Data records
⟨

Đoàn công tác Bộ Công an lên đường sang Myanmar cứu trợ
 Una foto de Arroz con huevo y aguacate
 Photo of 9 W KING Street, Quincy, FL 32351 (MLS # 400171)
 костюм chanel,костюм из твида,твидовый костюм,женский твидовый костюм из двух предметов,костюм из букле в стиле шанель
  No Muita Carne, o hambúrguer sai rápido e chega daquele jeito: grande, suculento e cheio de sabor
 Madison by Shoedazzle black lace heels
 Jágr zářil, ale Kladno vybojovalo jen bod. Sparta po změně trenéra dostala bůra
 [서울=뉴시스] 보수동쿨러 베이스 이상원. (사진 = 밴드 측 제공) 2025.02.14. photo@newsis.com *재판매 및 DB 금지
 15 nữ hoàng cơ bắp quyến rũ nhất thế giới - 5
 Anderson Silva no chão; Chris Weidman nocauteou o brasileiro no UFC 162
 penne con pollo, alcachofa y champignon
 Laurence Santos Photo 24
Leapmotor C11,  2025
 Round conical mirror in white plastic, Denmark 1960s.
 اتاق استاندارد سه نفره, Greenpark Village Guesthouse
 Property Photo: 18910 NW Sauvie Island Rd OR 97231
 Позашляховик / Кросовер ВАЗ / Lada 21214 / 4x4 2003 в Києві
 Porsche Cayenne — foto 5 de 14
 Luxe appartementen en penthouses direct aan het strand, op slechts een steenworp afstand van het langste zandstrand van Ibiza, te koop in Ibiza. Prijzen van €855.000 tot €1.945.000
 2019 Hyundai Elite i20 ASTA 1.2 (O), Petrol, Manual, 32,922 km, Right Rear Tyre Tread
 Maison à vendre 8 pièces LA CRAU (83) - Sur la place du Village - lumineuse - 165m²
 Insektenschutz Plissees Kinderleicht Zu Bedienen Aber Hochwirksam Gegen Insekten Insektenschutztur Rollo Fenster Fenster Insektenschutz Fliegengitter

⟩

- **EXERCISE BRIEF**
All that is wanted is a faithful reproduction of the line above with "2019 Hyundai Elite", the line with "Maison à vendre", and every line in between.

- **OUTPUT FOR THIS TASK**
 2019 Hyundai Elite i20 ASTA 1.2 (O), Petrol, Manual, 32,922 km, Right Rear Tyre Tread
 Maison à vendre 8 pièces LA CRAU (83) - Sur la place du Village - lumineuse - 165m²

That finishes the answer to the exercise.